WHAT YOU SHOULD DO: Print a faithful copy of the data below, word for word, with the pictures left out.

INFORMATION PROVIDED:
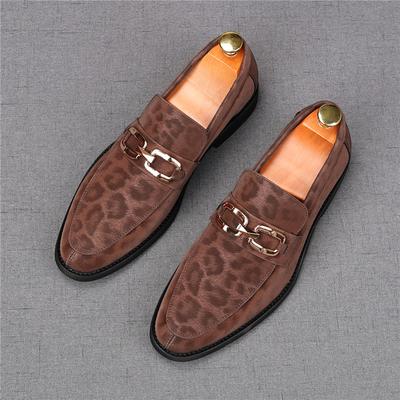 Mode Mode Neue Herren Leopardenmuster Wildleder Ballerinas Schuhe Männlich Designer Metallschnalle Loafer Heimkehr Hochzeitskleid Schuhe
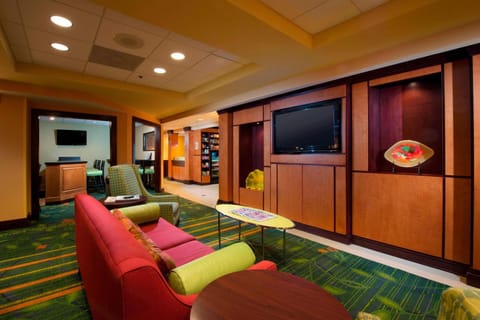 Communal lounge/ TV room, Lobby or reception
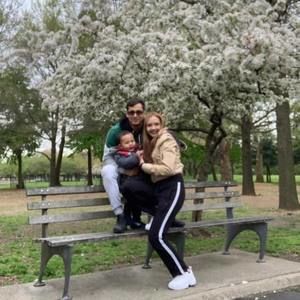 Meet your Posher, Daniela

COMPLETED TASK:
 Mode Mode Neue Herren Leopardenmuster Wildleder Ballerinas Schuhe Männlich Designer Metallschnalle Loafer Heimkehr Hochzeitskleid Schuhe
 Communal lounge/ TV room, Lobby or reception
 Meet your Posher, Daniela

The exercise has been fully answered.